But I'll make an exception in the case of the condoms.

Wow! That's some vocabulary you don't see on message boards everyday. Nice.

colleyvillesooner
9/14/2006, 10:14 PM
I'll save everyone else the time:

http://dictionary.reference.com/search?q=Schadenfreude.&x=30&y=5

sooneron
9/14/2006, 10:17 PM
I'm not getting my hopes up, until suc or reggie bu$h gets hammered, I will not get into Sigmundfreud.

Octavian
9/14/2006, 10:41 PM
Suits for Bush's stepfather and brother to wear during the Dec. 10, 2005 Heisman ceremony in New York, a makeover for his mother for the event and limousine transportation

that shouldn't be a violation....I have no problem if someone helps a mom and dad look good at their son's Heisman ceremony on national tv.

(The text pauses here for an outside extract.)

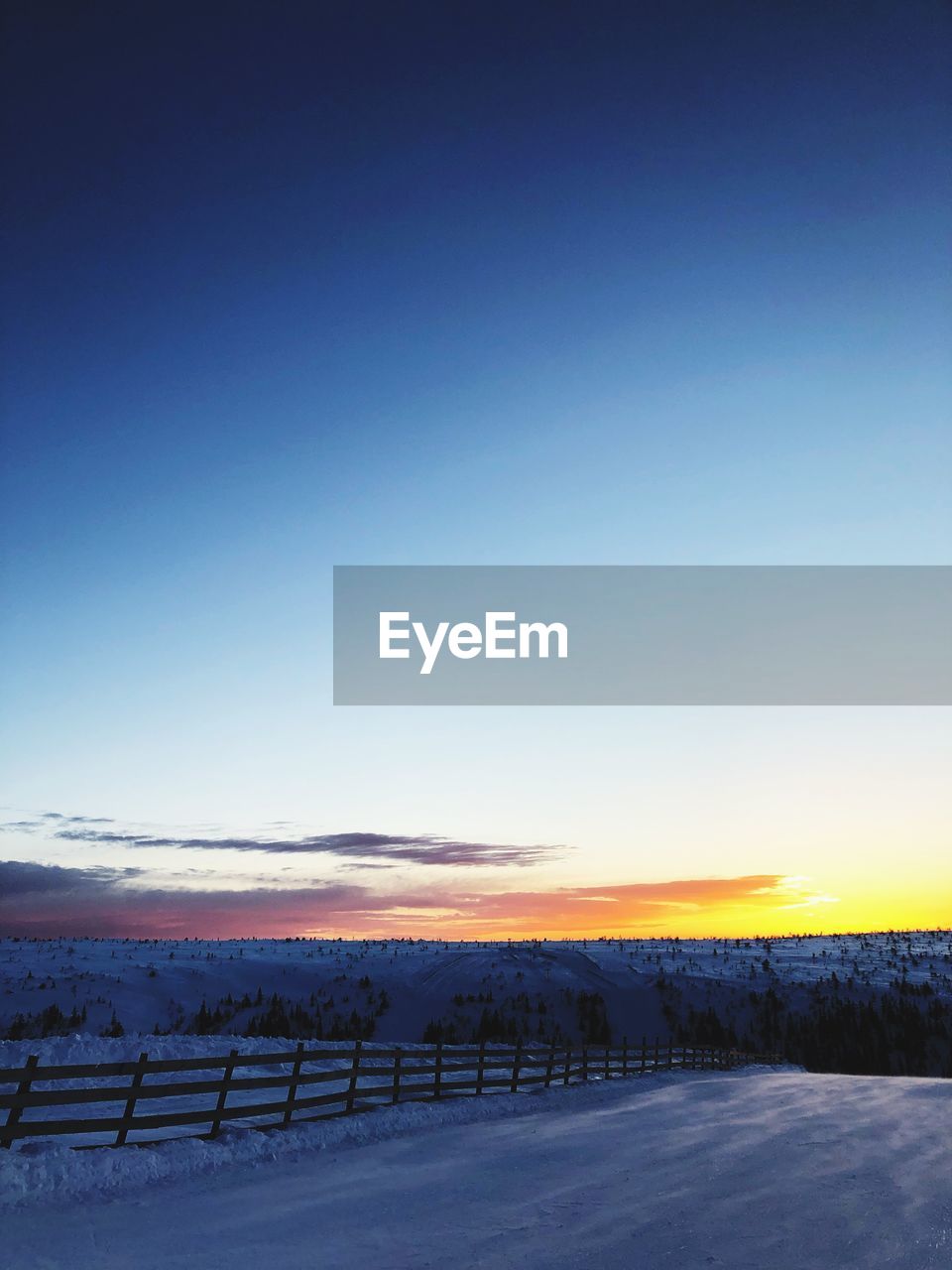 SCENIC VIEW OF FIELD AGAINST CLEAR SKY DURING SUNSET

The rest of it though (if true) should land USC in some serious trouble...our dumbass got peanuts compared to that.

And no way in hell should we get the '05 NC...neither should Auburn...leave it as an asterick so no one ever forgets USC's shame

picasso
9/14/2006, 10:46 PM
that shouldn't be a violation....I have no problem if someone helps a mom and dad look good at their son's Heisman ceremony on national tv.

The rest of it though (if true) should land USC in some serious trouble...our dumbass got peanuts compared to that.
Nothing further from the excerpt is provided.